Records drawn from a dataset:
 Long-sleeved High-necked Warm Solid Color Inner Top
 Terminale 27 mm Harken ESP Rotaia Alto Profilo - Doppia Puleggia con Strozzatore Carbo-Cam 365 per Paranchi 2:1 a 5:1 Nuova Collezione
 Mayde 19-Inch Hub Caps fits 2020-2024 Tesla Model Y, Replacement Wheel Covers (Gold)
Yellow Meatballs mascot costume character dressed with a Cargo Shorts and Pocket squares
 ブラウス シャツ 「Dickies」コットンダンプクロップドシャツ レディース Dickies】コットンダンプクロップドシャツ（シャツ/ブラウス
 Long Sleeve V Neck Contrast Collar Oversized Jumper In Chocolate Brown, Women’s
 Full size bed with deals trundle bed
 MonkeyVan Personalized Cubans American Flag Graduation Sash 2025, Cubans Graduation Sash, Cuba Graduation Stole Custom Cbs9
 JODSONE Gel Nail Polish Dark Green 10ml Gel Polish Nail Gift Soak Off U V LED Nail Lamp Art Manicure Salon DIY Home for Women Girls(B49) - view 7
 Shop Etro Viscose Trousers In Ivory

## DIRECTIONS FOR THIS TASK
The answer must restate each entry word for word.

## RESULT FOR THIS TASK
 Long-sleeved High-necked Warm Solid Color Inner Top
 Terminale 27 mm Harken ESP Rotaia Alto Profilo - Doppia Puleggia con Strozzatore Carbo-Cam 365 per Paranchi 2:1 a 5:1 Nuova Collezione
 Mayde 19-Inch Hub Caps fits 2020-2024 Tesla Model Y, Replacement Wheel Covers (Gold)
Yellow Meatballs mascot costume character dressed with a Cargo Shorts and Pocket squares
 ブラウス シャツ 「Dickies」コットンダンプクロップドシャツ レディース Dickies】コットンダンプクロップドシャツ（シャツ/ブラウス
 Long Sleeve V Neck Contrast Collar Oversized Jumper In Chocolate Brown, Women’s
 Full size bed with deals trundle bed
 MonkeyVan Personalized Cubans American Flag Graduation Sash 2025, Cubans Graduation Sash, Cuba Graduation Stole Custom Cbs9
 JODSONE Gel Nail Polish Dark Green 10ml Gel Polish Nail Gift Soak Off U V LED Nail Lamp Art Manicure Salon DIY Home for Women Girls(B49) - view 7
 Shop Etro Viscose Trousers In Ivory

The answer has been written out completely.